(Short web captions)
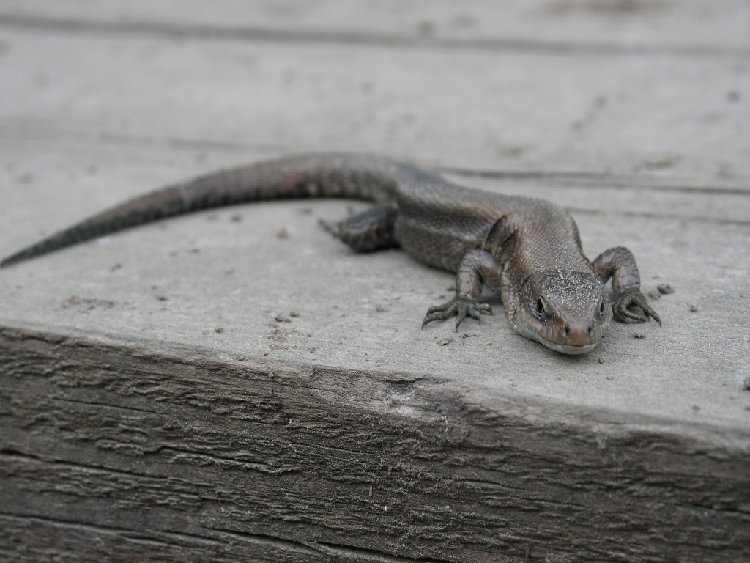 PICT0018.JPG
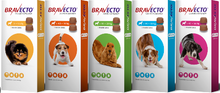 Bravecto Flea & Tick Chew 2pk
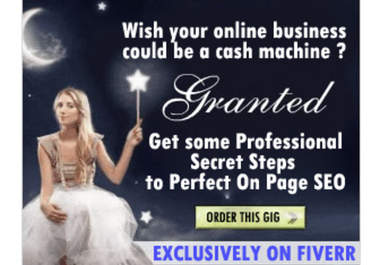 look at your website and tell you my Secret Steps to Perfect On Page SEO big1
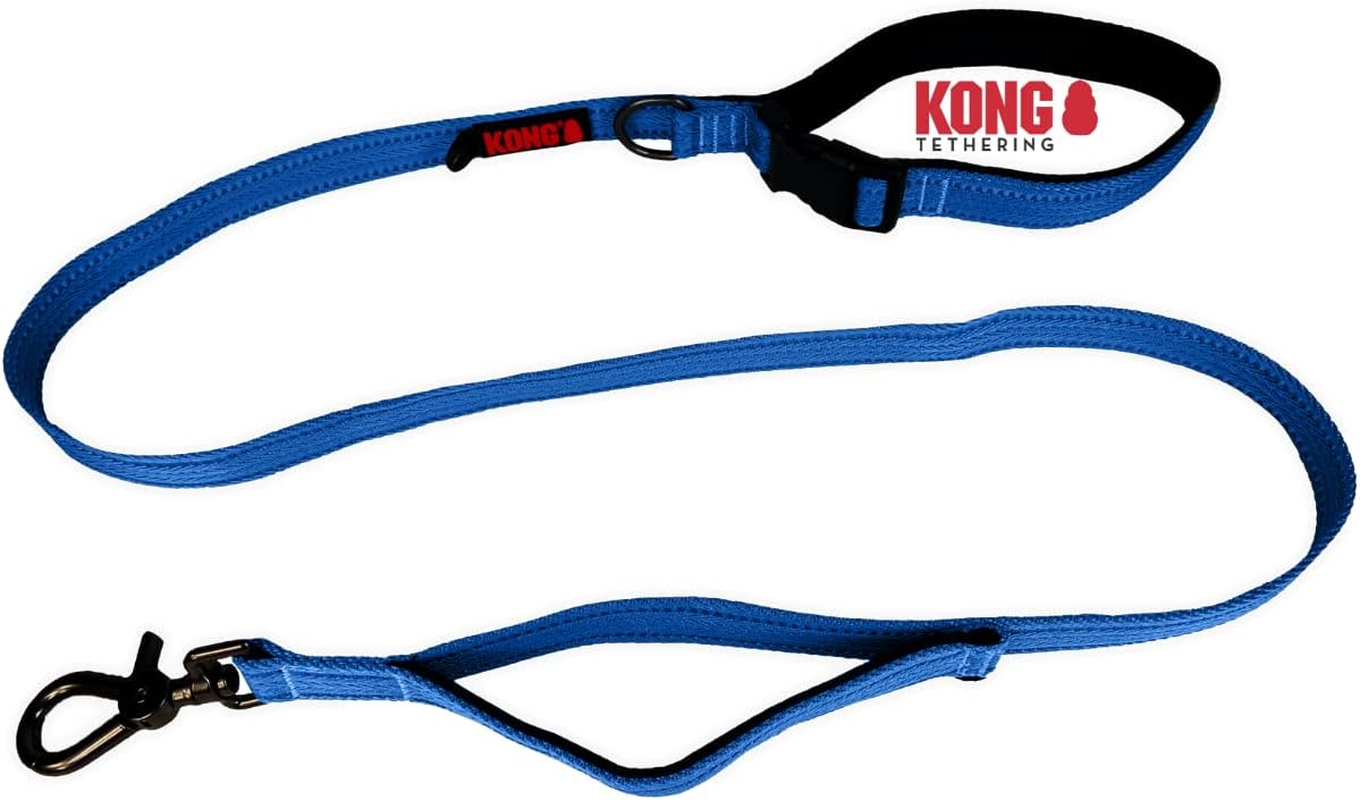 KONG Dog Lead in 1.5 M Length, for Medium Dogs up to 30 Kg, Size M, Traffic Safe Dog in Pink, Reflective Lead with 2 Padded Hand Loops and Robust Snap Hook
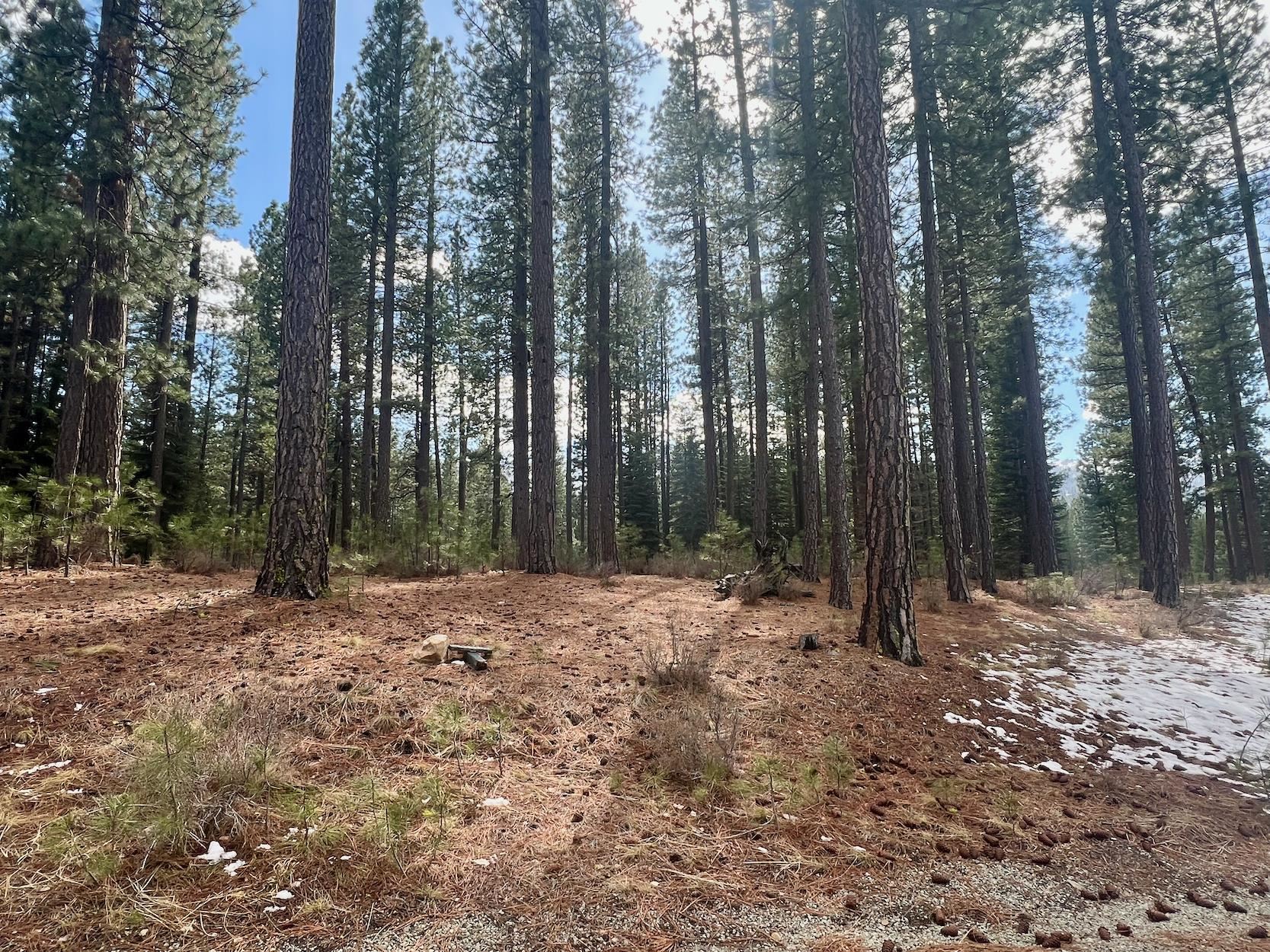 879 Prospector Drive, Clio, California image 24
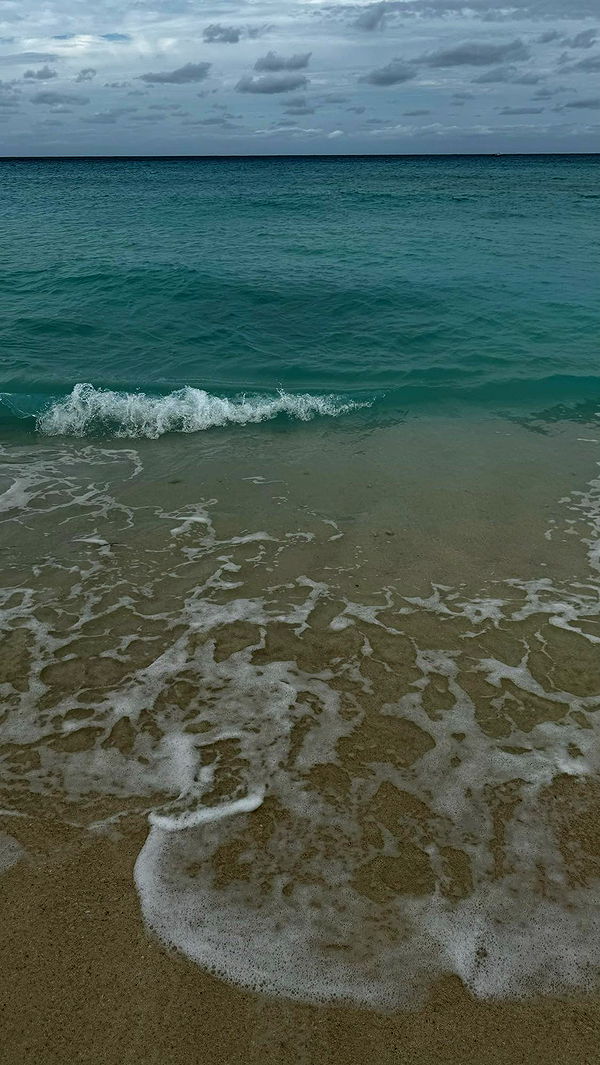 sophieraiin image ~ Altpins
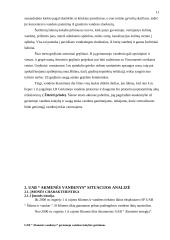 Geriamojo vandens kokybės gerinimas: UAB "Akmenės vandenys" 11 puslapis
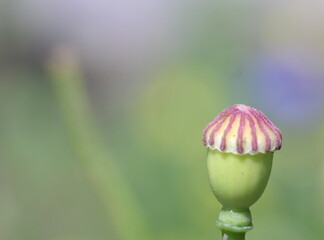 Wall Mural - A photograph of a beautiful poppy head after flowering in a natural garden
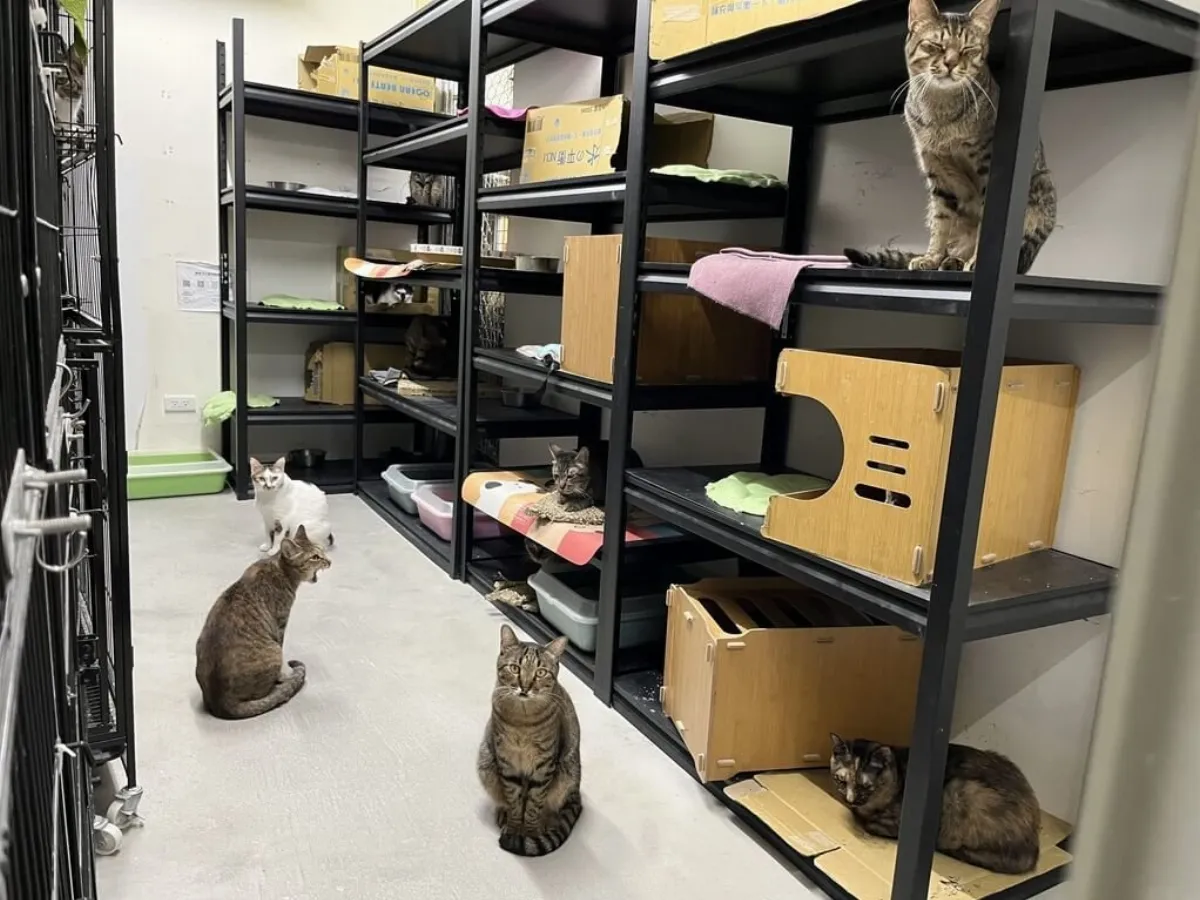 北市動物之家中繼園區改造貓舍 盼增互動促認養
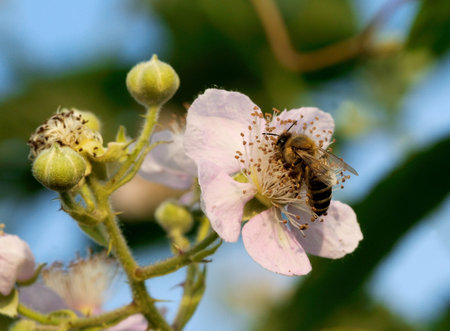 Bee and blackberry  - Blooming blackberry with a bee 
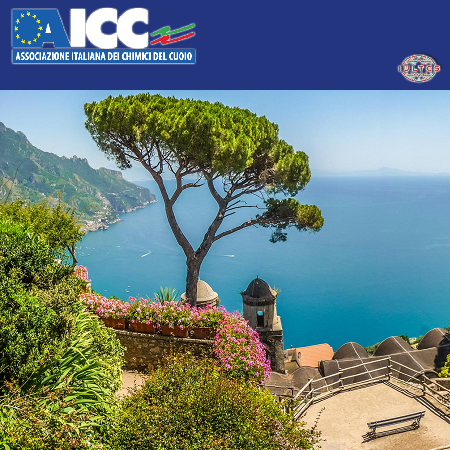 front-aicc-nazionale-2017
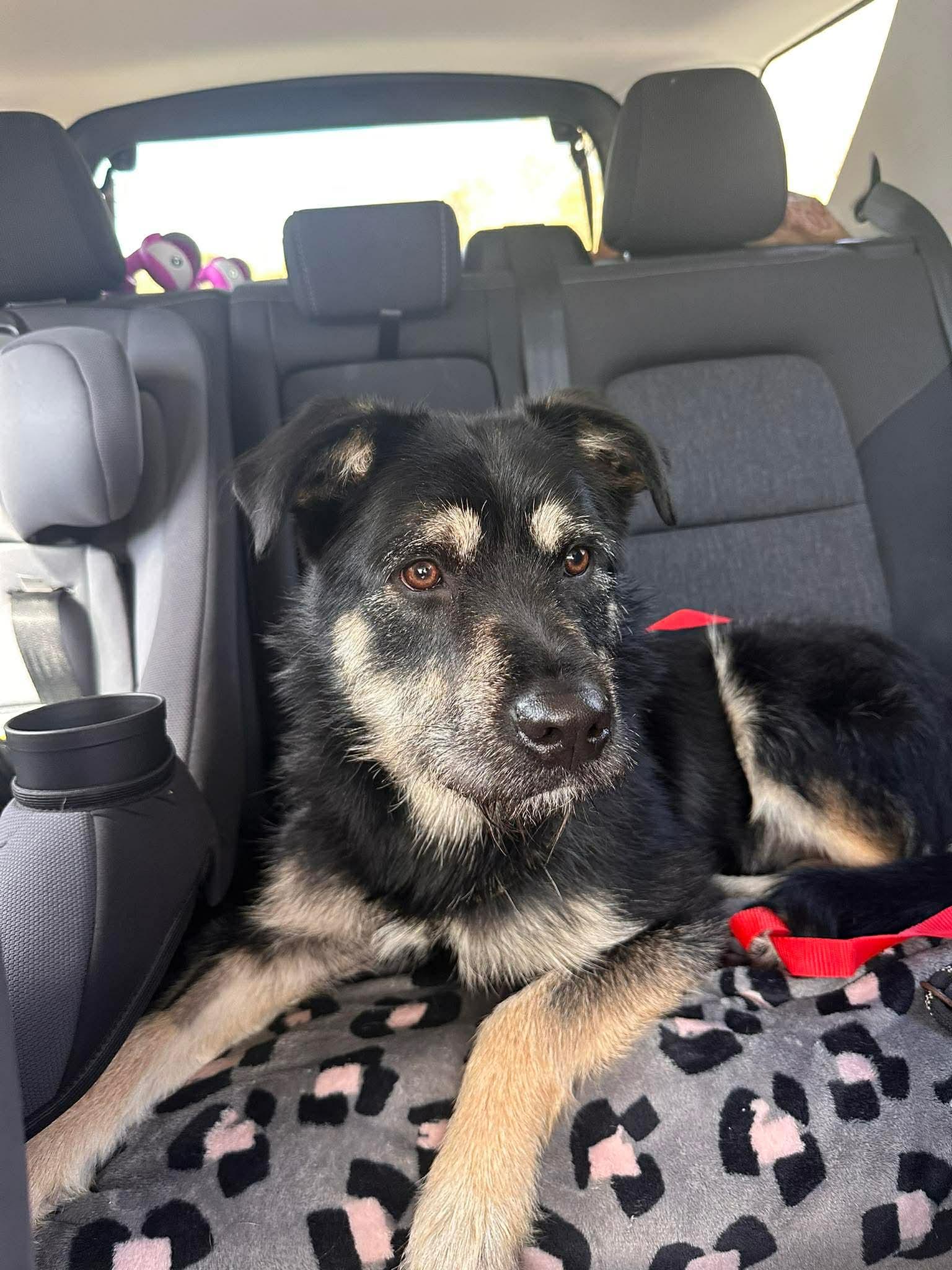 Enlarge Sunny, a ADOPTABLE mixed breed in Randleman, NC image 6/6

What is required:
The lines to copy begin at the one containing "sophieraiin image ~ Altpins" and end at the last line of the records. Set down exactly those lines and no others, both ends included, and omit all pictures.

Solution to the exercise:
 sophieraiin image ~ Altpins
 Geriamojo vandens kokybės gerinimas: UAB "Akmenės vandenys" 11 puslapis
 Wall Mural - A photograph of a beautiful poppy head after flowering in a natural garden
 北市動物之家中繼園區改造貓舍 盼增互動促認養
 Bee and blackberry  - Blooming blackberry with a bee 
 front-aicc-nazionale-2017
 Enlarge Sunny, a ADOPTABLE mixed breed in Randleman, NC image 6/6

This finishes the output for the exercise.